═════ Record extracts ═════

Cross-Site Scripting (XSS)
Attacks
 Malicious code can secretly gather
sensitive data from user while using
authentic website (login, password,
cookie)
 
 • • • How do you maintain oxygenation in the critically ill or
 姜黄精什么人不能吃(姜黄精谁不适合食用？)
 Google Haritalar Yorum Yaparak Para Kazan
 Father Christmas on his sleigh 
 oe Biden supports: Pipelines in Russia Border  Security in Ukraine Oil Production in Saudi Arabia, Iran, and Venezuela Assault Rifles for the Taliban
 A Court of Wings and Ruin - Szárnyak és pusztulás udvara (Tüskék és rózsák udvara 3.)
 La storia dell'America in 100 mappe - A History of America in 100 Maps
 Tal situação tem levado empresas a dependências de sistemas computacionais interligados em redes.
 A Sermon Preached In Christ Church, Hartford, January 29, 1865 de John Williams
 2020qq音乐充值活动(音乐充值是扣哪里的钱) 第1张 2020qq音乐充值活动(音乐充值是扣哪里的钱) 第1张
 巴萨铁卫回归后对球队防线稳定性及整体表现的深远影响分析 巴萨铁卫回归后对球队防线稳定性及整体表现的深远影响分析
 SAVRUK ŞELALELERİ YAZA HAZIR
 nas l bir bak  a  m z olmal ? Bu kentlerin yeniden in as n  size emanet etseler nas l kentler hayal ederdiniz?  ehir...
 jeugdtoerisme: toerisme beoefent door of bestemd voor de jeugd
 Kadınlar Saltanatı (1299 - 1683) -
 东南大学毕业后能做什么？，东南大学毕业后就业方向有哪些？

═════

• [Assigned task]: Reproduce all the data exactly. Include every line.

• [Result below]:
Cross-Site Scripting (XSS)
Attacks
 Malicious code can secretly gather
sensitive data from user while using
authentic website (login, password,
cookie)
 
 • • • How do you maintain oxygenation in the critically ill or
 姜黄精什么人不能吃(姜黄精谁不适合食用？)
 Google Haritalar Yorum Yaparak Para Kazan
 Father Christmas on his sleigh 
 oe Biden supports: Pipelines in Russia Border  Security in Ukraine Oil Production in Saudi Arabia, Iran, and Venezuela Assault Rifles for the Taliban
 A Court of Wings and Ruin - Szárnyak és pusztulás udvara (Tüskék és rózsák udvara 3.)
 La storia dell'America in 100 mappe - A History of America in 100 Maps
 Tal situação tem levado empresas a dependências de sistemas computacionais interligados em redes.
 A Sermon Preached In Christ Church, Hartford, January 29, 1865 de John Williams
 2020qq音乐充值活动(音乐充值是扣哪里的钱) 第1张 2020qq音乐充值活动(音乐充值是扣哪里的钱) 第1张
 巴萨铁卫回归后对球队防线稳定性及整体表现的深远影响分析 巴萨铁卫回归后对球队防线稳定性及整体表现的深远影响分析
 SAVRUK ŞELALELERİ YAZA HAZIR
 nas l bir bak  a  m z olmal ? Bu kentlerin yeniden in as n  size emanet etseler nas l kentler hayal ederdiniz?  ehir...
 jeugdtoerisme: toerisme beoefent door of bestemd voor de jeugd
 Kadınlar Saltanatı (1299 - 1683) -
 东南大学毕业后能做什么？，东南大学毕业后就业方向有哪些？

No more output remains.